* [Data excerpts]
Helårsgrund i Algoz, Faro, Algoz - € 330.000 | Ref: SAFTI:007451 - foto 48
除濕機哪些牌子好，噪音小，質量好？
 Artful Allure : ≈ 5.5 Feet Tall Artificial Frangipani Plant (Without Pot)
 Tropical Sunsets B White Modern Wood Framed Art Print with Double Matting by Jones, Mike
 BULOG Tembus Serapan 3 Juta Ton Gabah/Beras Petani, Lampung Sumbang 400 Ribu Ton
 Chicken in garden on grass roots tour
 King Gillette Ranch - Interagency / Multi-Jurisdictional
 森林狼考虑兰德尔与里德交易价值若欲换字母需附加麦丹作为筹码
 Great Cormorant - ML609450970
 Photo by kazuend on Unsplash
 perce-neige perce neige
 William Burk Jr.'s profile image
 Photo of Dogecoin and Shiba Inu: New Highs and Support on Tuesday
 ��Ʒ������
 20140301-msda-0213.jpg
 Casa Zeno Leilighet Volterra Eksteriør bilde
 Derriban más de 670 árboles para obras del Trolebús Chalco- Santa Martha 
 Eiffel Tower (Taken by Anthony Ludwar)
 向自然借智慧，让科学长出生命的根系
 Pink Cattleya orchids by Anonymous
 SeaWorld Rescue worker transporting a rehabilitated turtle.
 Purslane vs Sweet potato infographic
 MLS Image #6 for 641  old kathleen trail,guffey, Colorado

* [Assignment] Starting at the line with "King Gillette Ranch", copy every line up to and including the last one in the entries above.

* [Completed task]
 King Gillette Ranch - Interagency / Multi-Jurisdictional
 森林狼考虑兰德尔与里德交易价值若欲换字母需附加麦丹作为筹码
 Great Cormorant - ML609450970
 Photo by kazuend on Unsplash
 perce-neige perce neige
 William Burk Jr.'s profile image
 Photo of Dogecoin and Shiba Inu: New Highs and Support on Tuesday
 ��Ʒ������
 20140301-msda-0213.jpg
 Casa Zeno Leilighet Volterra Eksteriør bilde
 Derriban más de 670 árboles para obras del Trolebús Chalco- Santa Martha 
 Eiffel Tower (Taken by Anthony Ludwar)
 向自然借智慧，让科学长出生命的根系
 Pink Cattleya orchids by Anonymous
 SeaWorld Rescue worker transporting a rehabilitated turtle.
 Purslane vs Sweet potato infographic
 MLS Image #6 for 641  old kathleen trail,guffey, Colorado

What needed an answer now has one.